There are many possible improvements to the proposed algorithms. For example, when performing signal averaging, we can shift the TE for each repeated acquisition to provide more time points for the Dixon technique and better coverage of (kx, ky, t)-space for full 3D reconstruction. More sophisticated field map processing schemes such as region-growing and probability constraints in image space can be incorporated into the iterative Dixon-based reconstruction, and also into the fat–water classification step for the spectroscopic reconstruction. Processing used for MR spectroscopic imaging, such as parametric model fitting of the spectrum (22), can be used for the spectroscopic approach to incorporate other prior information and improve robustness. In addition, the retracing design can be extended to more than three revolutions to provide higher SNR and more points for Dixon-based parametric reconstructions (16), and support higher spectral bandwidth and resolution for the spectroscopic perspective.

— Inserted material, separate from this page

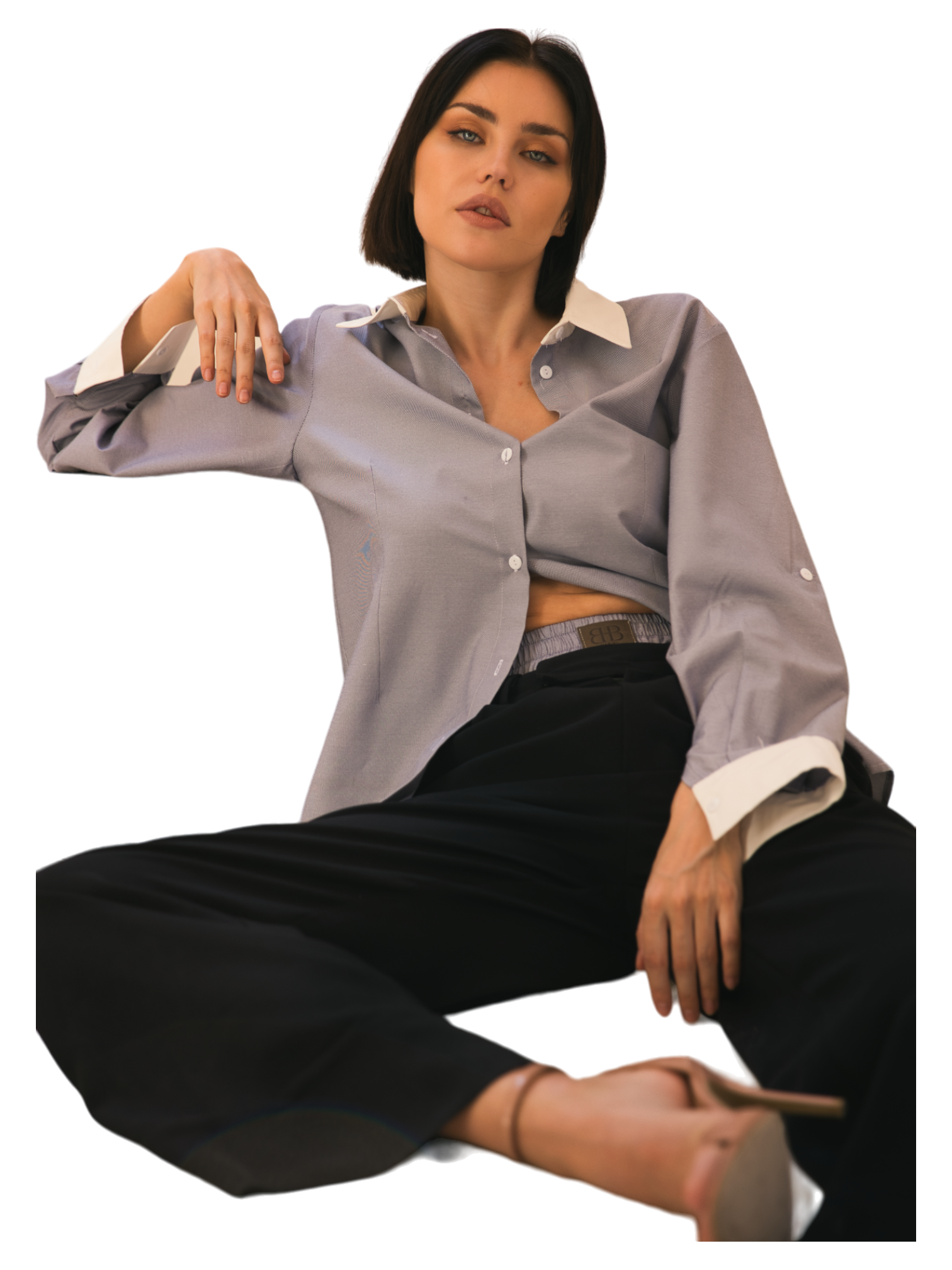 Elegant Shirt With White Collar & Cuff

The concentric rings trajectory can be applied to many in vivo applications that benefit from magnetization-prepared imaging and robust fat–water separation, such as musculoskeletal imaging, structural brain imaging, and contrast-enhanced breast imaging. The ability for concentric rings to simultaneously offer spatial and spectral coverage also indicates its potential for imaging applications that require information in both space and time (23–25).